La question mérite d’être posée.

Le Kenya, laboratoire involontaire du choc de l’IA

L’histoire racontée par The New York Times est particulièrement révélatrice.

Pendant des années, de jeunes Kényans diplômés ont profité de la croissance de l’économie numérique pour proposer leurs services à des clients situés principalement dans les pays occidentaux.

Parmi eux figurait Teresios Bundi, diplômé en santé publique.

Après son arrivée à Nairobi, il s’est lancé dans la rédaction de travaux universitaires destinés à des étudiants étrangers. Il facturait entre 40 et 70 dollars par devoir et affirmait avoir rédigé plus de 2 500 dissertations en douze ans.

Cette activité lui rapportait beaucoup plus que ce qu’il aurait pu gagner dans son domaine initial.

Autour de lui, toute une économie s’était développée : rédacteurs, petites agences, travailleurs indépendants et plateformes spécialisées.

À son apogée, les chercheurs estimaient qu’environ 40 000 personnes à Nairobi vivaient de cette activité de rédaction académique pour des étudiants étrangers.

Puis l’IA générative est arrivée.


ChatGPT change brutalement les règles du jeu

Lorsque ChatGPT est apparu en 2022, les étudiants ont découvert qu’un outil informatique pouvait produire en quelques secondes un texte structuré sur pratiquement n’importe quel sujet.

Le modèle économique est alors devenu beaucoup plus difficile pour les rédacteurs humains.

Pourquoi attendre plusieurs heures ou plusieurs jours et payer un freelance lorsque certains contenus peuvent être générés immédiatement par une IA ?

Le résultat a été rapide : les commandes ont diminué et les tarifs ont chuté.

Certains entrepreneurs ont fermé leurs agences.
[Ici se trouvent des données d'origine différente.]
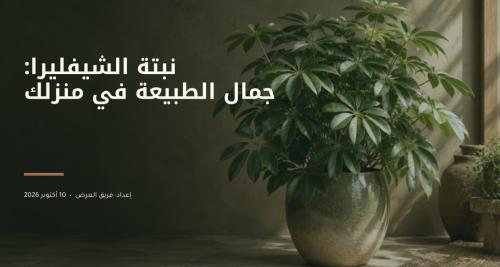 دليل العنايه بنبتة الشيفليرا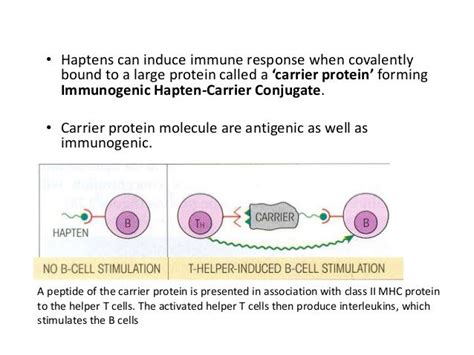 Haptens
Teresios Bundi a lui aussi abandonné son activité de rédaction et travaille désormais pour une organisation allemande qui aide les jeunes Kényans à trouver de nouvelles opportunités dans l’économie numérique.

Mais l’histoire ne concerne pas uniquement les rédacteurs.


La transcription, la modération et d’autres métiers sont également touchés

L’un des aspects les plus importants de l’enquête concerne la diversité des métiers numériques concernés.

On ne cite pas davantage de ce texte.